* _Your task_: Where the records below show a line containing "Edina Commercial Cleaning", start copying; end with the line containing "MICHELIN 784399, Michelin", and copy it too.

* _Material shown_:
- - - -
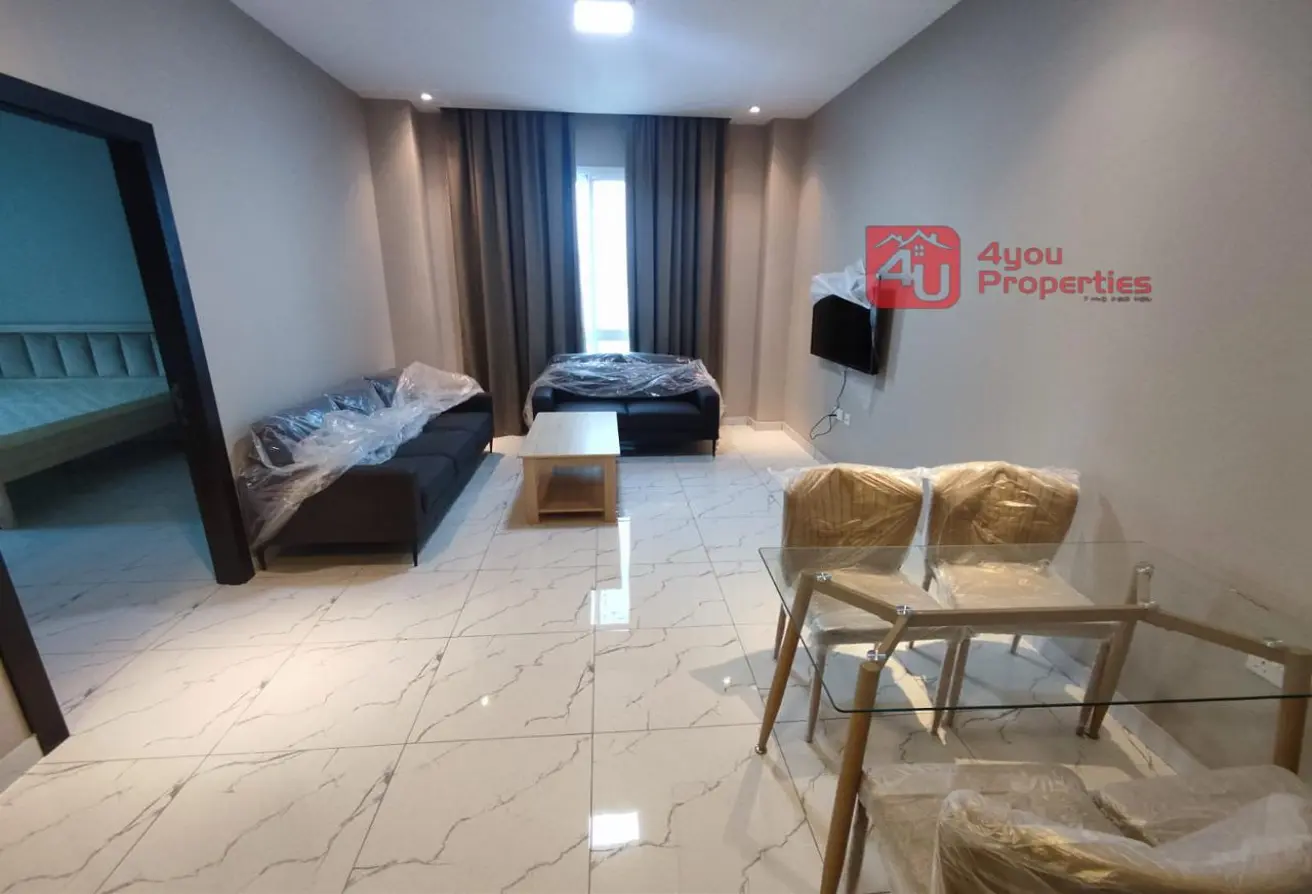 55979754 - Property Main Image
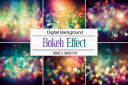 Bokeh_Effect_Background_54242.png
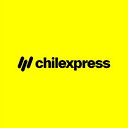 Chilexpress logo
- - - -
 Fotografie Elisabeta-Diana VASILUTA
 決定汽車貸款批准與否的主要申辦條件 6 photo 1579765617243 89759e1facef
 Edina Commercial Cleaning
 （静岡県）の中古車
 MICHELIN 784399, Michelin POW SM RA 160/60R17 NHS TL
- - - -
* _Response to the exercise_:
 Edina Commercial Cleaning
 （静岡県）の中古車
 MICHELIN 784399, Michelin POW SM RA 160/60R17 NHS TL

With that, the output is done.